Govt must accept responsibility for CSLR moral hazard

ANALYSIS
It remains within the remit of the new Assistant Treasurer and Minister for Financial Services, Daniel Mulino to recommend that the Government pick up the additional costs which have taken the Compensation Scheme of Last Resort (CSLR) well beyond its sub-sector cap for personal financial advice.
As things currently stand, the financial planning profession is facing the prospect of the Government imposing a special levy to cover the difference between the $20 million and the revised levy estimate announced on Friday of $67.289 million.
But it is lost on no one in the financial planning profession that the bulk of the costs making up that additional $47 million is owed to an event which occurred before the legislation enacting the CSLR even passed the Parliament – the collapse of Dixon Advisory.
Equally, everyone well understands the moral hazard inherent in a regime which levies advisers but not financial product providers.
It is also not lost on anyone that the Government and Treasury are yet to release the findings of Treasury’s post-implementation review of the CSLR which has as one of its terms of reference the CSLR funding model.
The bottom line, of course, is that by back-dating the matters which can be handled by the CSLR to encompass matters such as Dixon Advisory the Government has substantially increased its costs and the pace at which claims are being handled mean those costs will not quickly wash through the system.
Indeed, as has been recognised by groups such as the Financial Advice Association of Australia (FAAA) there are looming new costs for the CSLR to handle in the form of the issues surrounding the Shield and Guardian Master.
While the Government, with its vastly increased majority, has no political imperative to fix the CSLR, it should delay the release of the Treasury review findings and it should be cognisant of long-run impact of choosing not to fix a system which is patently badly flawed.
FAAA chief executive, Sarah Abood was right last week to call for urgent and significant changes to the CSLR and the looming increasing and the multiple years of claims substantially above the sector cap.
“The vast bulk of CSLR claims have been generated by a small number of medium to large firms, and by the collapse of financial products: a sector that currently makes no contribution at all to consumer compensation under the CSLR,” she said.
“In contrast, the vast majority of those paying these levies run excellent compliant small businesses (92% of advisers work in firms with 10 or fewer advisers) who have not done anything wrong.”
For his part, SMS Association chief executive, Peter Burgess is right to question why the regulators are not doing more to detect problems “up-stream” before problems occur which add to the cost of the CSLR.









The scheme punishes the firms/advisers who stay on.
Recent firms involved in the First Guardian/Shield collapse who are no longer trading won’t have to pay a cent.
Boycott, Refuse to Pay, Demand change.
It’s time All Real Advisers stand up to corrupt bullying Canberra and end CSLR.
Get stuffed Canberra !!!!
Let them try to shut the whole Advice industry down.
They have been trying to shut the whole advice industry down for years.
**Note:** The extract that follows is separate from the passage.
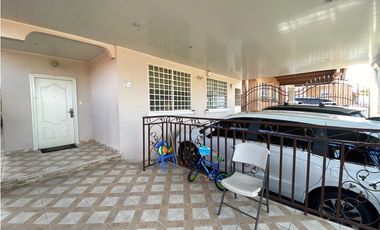 Venta de CASA REMODELADA en BRISAS DEL GOLF- MLS 21903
CSLR is just one component of the ongoing professional advice persecution regime.
Unfortunately one side of politics wants all consumer savings directed to union super funds. The other side of politics wants all consumer savings directed to the property bubble. There is no political support for professional advice or consumers’ best interests.
Yep so rather than death by 1,000 cuts, Advisers need to make a stand.
Make it a show down.
Dixons Government inquiry ?
Shelved, buried or corruptly hidden in the bottom draw of Nerida Coles Treasury office??
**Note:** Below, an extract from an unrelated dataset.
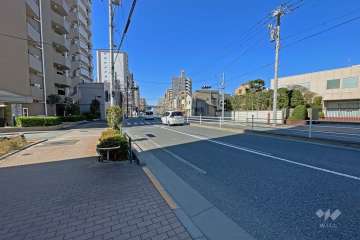 敷地の北側前面道路は明治通りです（東側から）。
Where’s the Dixon’s MIS fiasco review Govt ??
Canberra won’t accept responsibility. Listening to Jones’ last interview before the election was farcical. There was no contrition, no acceptance that the CSLR was a mess, instead he defended saying that reviews were common post implementation.
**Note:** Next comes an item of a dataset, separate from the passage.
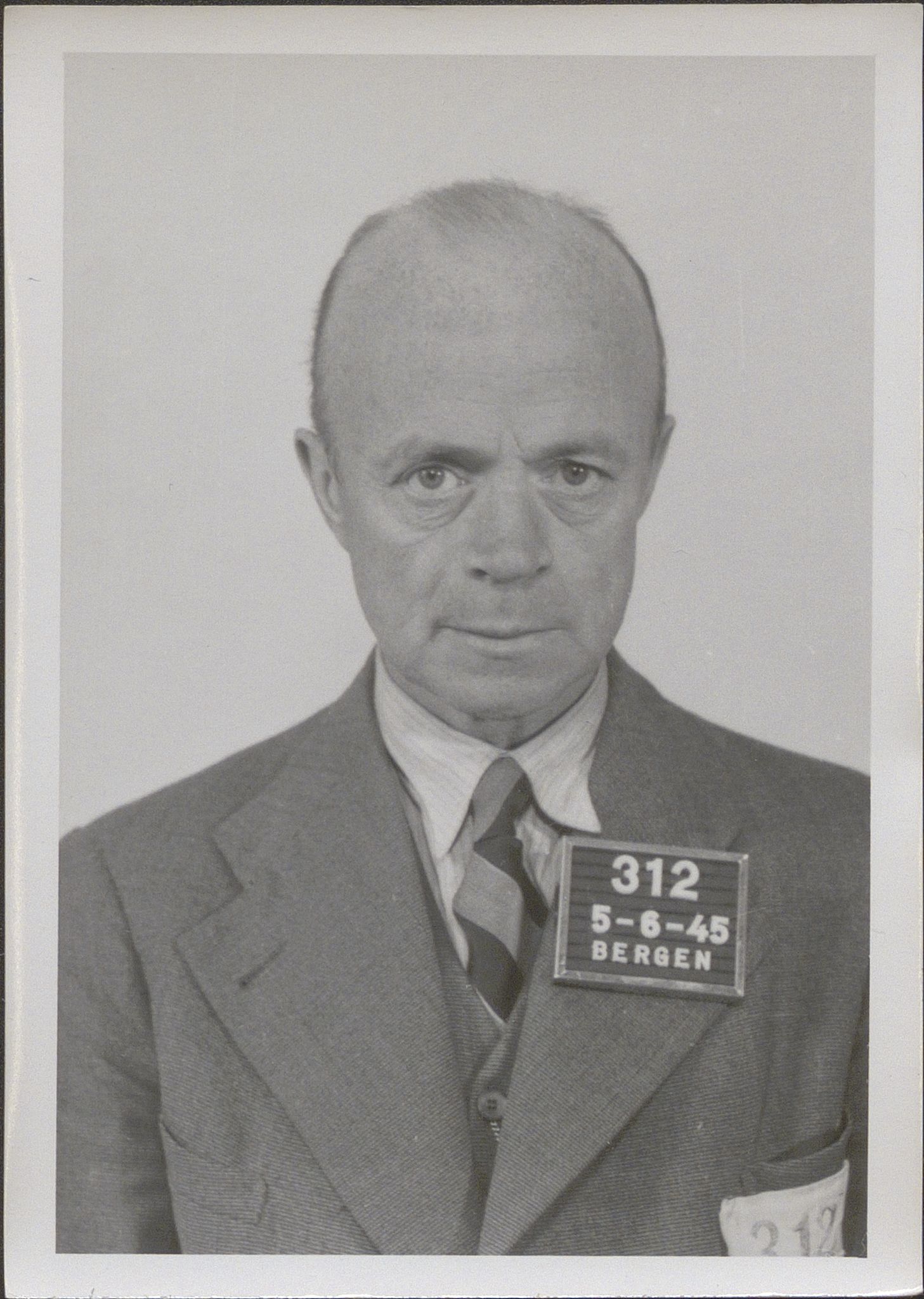 Bergen politikammer / politidistrikt, SAB/A-60401/Y/Yc/Ycd/L0004: Personfoto - landsvikere etc, 1945-1947, p. 288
For the last few years reading this website (and others) it was well understood in advance of the moral hazard issues at play with regard to the CSLR.
It was also understood that there was a massive risk that the scheme was inequitable, unethical and unsustainable.
Yet nonetheless, Canberra pushed on with it regardless (because they know better) and here we are.
The fact that Dixon made it in the scheme, in my opinion, was a total stich up. The second stich up was the pittance of Dixon claims that were covered by Govt.
Even the review is delayed.
It should be obvious to the adviser community that this isn’t an accident. In my view, this is 100% by design.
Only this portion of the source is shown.